Two new public-private-partnership (PPP) model hatcheries are being established in Timor-Leste—one each on the north and south coasts—giving farmers greater access to quality fingerlings to boost fish production.
Behind the hills of Dili, the capital of Timor-Leste, lays a vast block of land.
Standing out from the green grass is a large white rectangle, spray painted on the ground.
“This is where I’ll be building the broodfish and nursery ponds for the tilapia hatchery,” said Ayub (Joseph) Karimi, pointing at the ground.
“We start digging tomorrow and are planning to construct the hatchery in three months.”
Karimi is the owner of the Keshavarz Great Timor business, which will establish the third PPP-model hatchery for genetically improved farmed tilapia (GIFT) in Timor-Leste.

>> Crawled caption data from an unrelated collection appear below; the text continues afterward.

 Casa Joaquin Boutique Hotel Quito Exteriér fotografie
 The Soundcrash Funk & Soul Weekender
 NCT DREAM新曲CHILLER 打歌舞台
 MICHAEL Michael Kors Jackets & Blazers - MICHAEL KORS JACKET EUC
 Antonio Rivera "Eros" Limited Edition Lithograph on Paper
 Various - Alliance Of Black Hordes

Earlier that afternoon, on 8 July 2022, Mr Karimi signed a memorandum of understanding (MoU) with WorldFish and the Ministry of Agriculture and Fisheries (MAF) to set up the hatchery in the town of Hera, a 30-minute drive from Dili.

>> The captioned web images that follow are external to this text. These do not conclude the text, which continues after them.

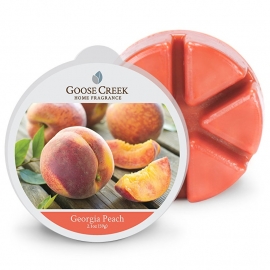 Georgia Peach Goose Creek Waxmelt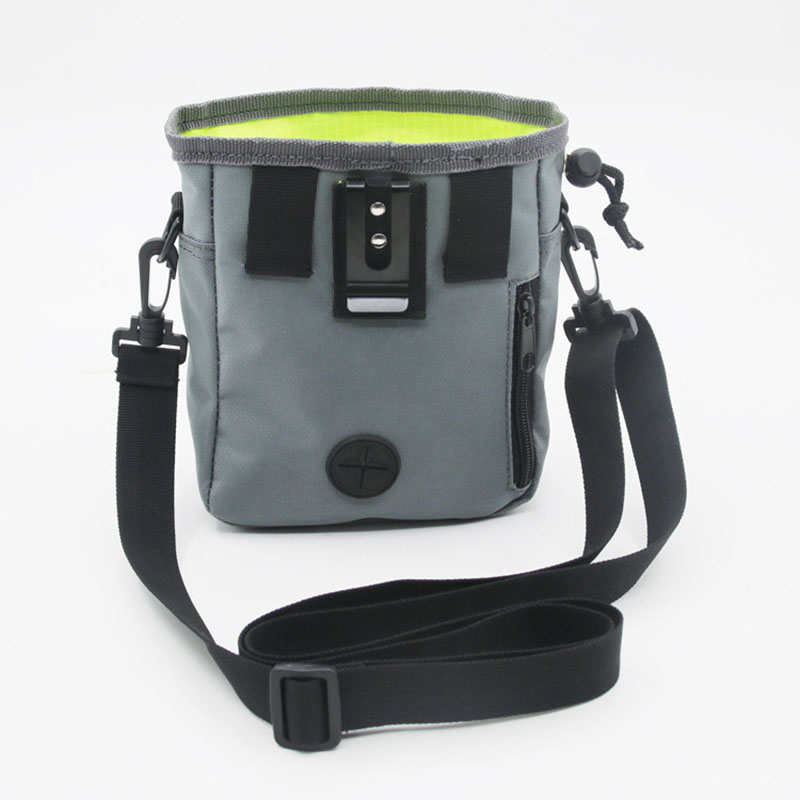 Amazing design new style outdoor dog treat pouch bag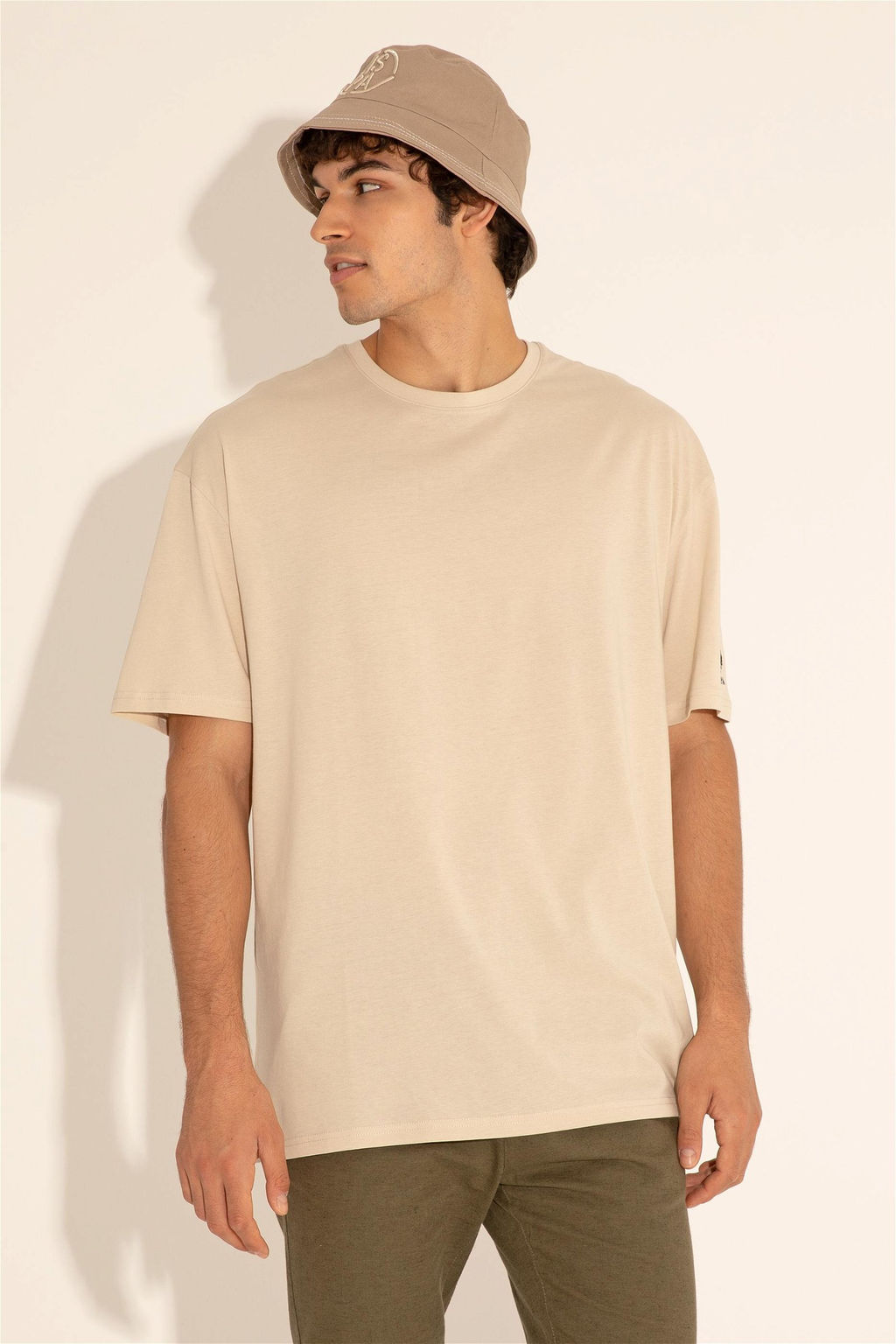 Мужская футболка с камнем - U.s. polo assn фото 12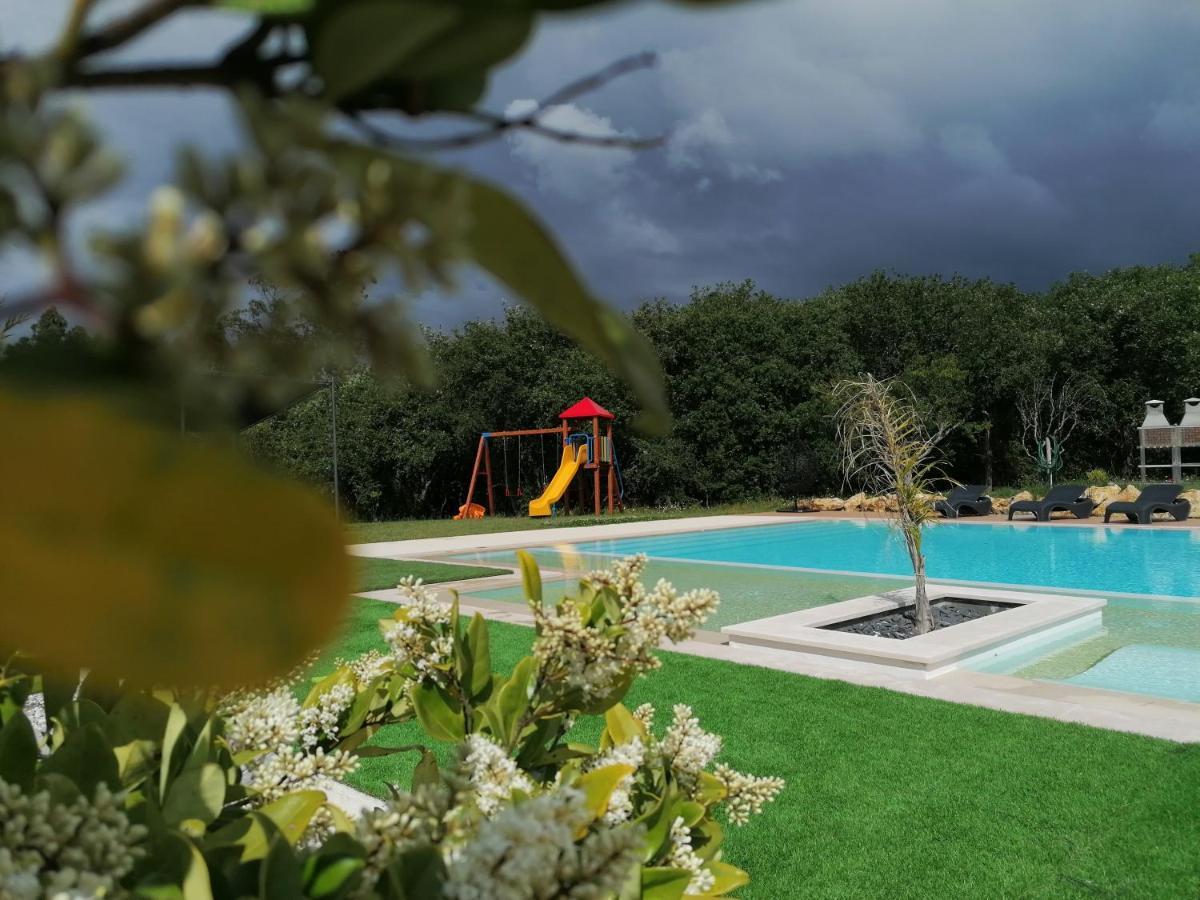 Perola D'Obidos T3 Villa Gaeiras Екстериор снимка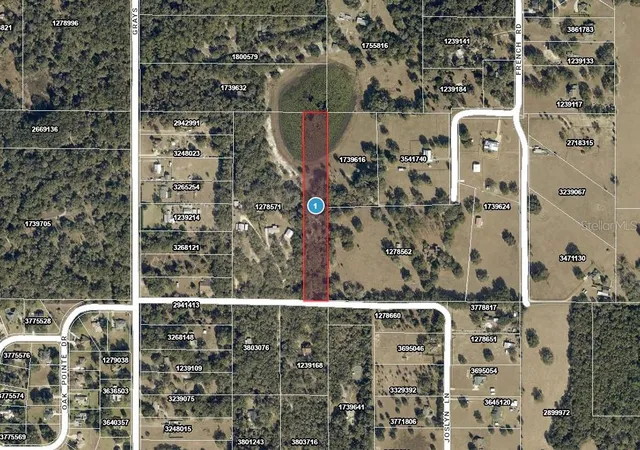 Single family home for sale at 4219 Joslyn Ln, LADY LAKE, FL 32159 | MLS# OM734710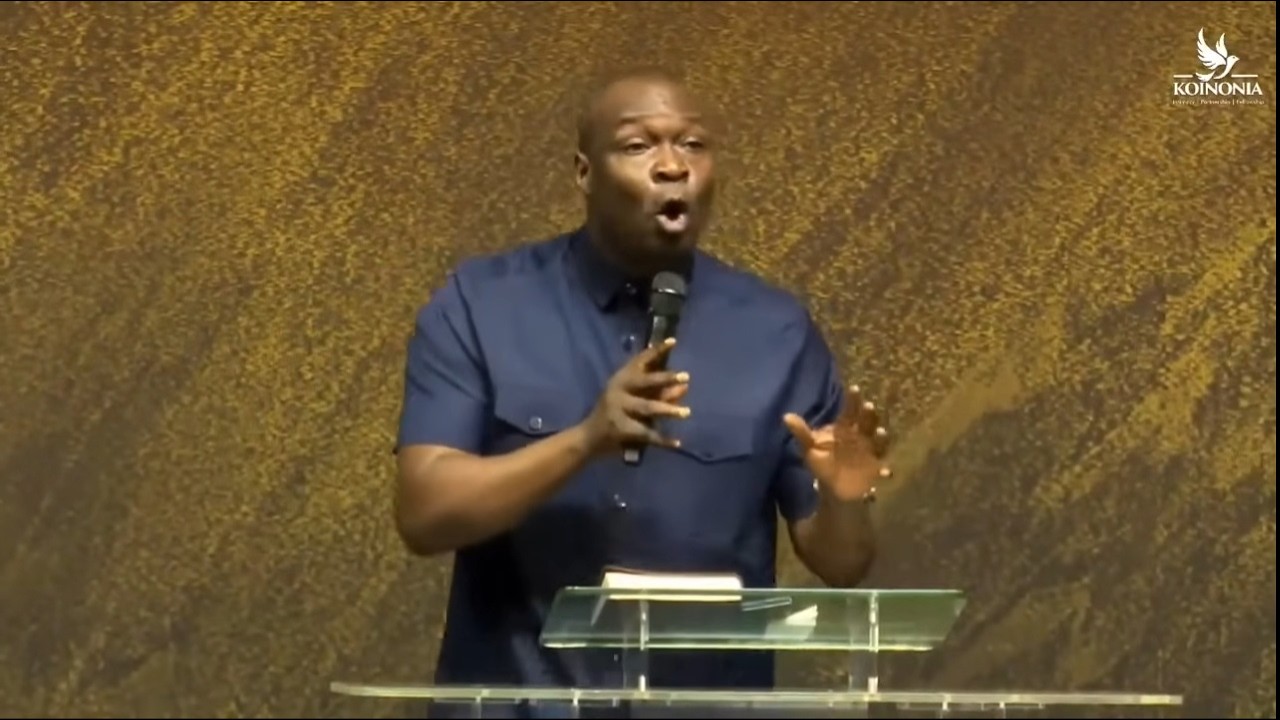 CAUTION!!! BEWARE OF THE KILLERS OF GREAT DESTINIES with Apostle Joshua Selman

“The business wants to support farmers because Timor-Leste has favourable resources and good market potential for scaling tilapia farming,” he said.
Under the PPP-model, construction costs are split equally between the business and WorldFish. All future running costs will be managed by the business, while receiving technical support from WorldFish and MAF.

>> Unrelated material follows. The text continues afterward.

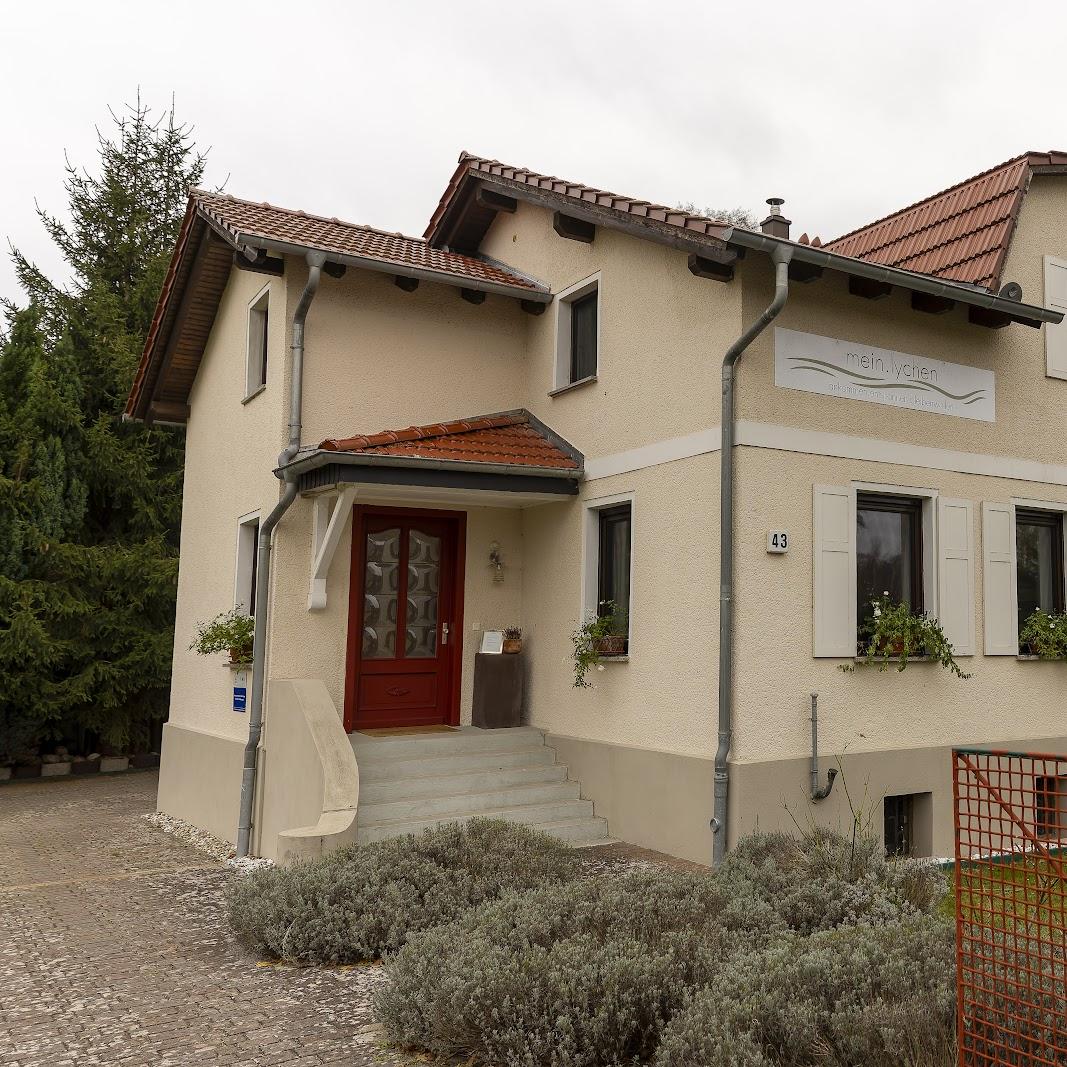 Restaurant "mein.lychen" in Lychen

“We plan to produce 5 million GIFT fingerlings each year to ensure access for farmers in Hera, Metinaro and beyond,” said Karimi.
Hatcheries on the rise
The Hera hatchery is one of two new PPP-model hatcheries being established. The other is in Culacao, Manufahi, a four-hour drive from Dili.
“The PPP-model hatcheries support the scaling of tilapia farming by increasing the availability and accessibility of fingerlings for many fish farmers in local municipalities and non-government organizations supporting aquaculture development,” said Jharendu Pant, senior scientist for aquaculture at WorldFish.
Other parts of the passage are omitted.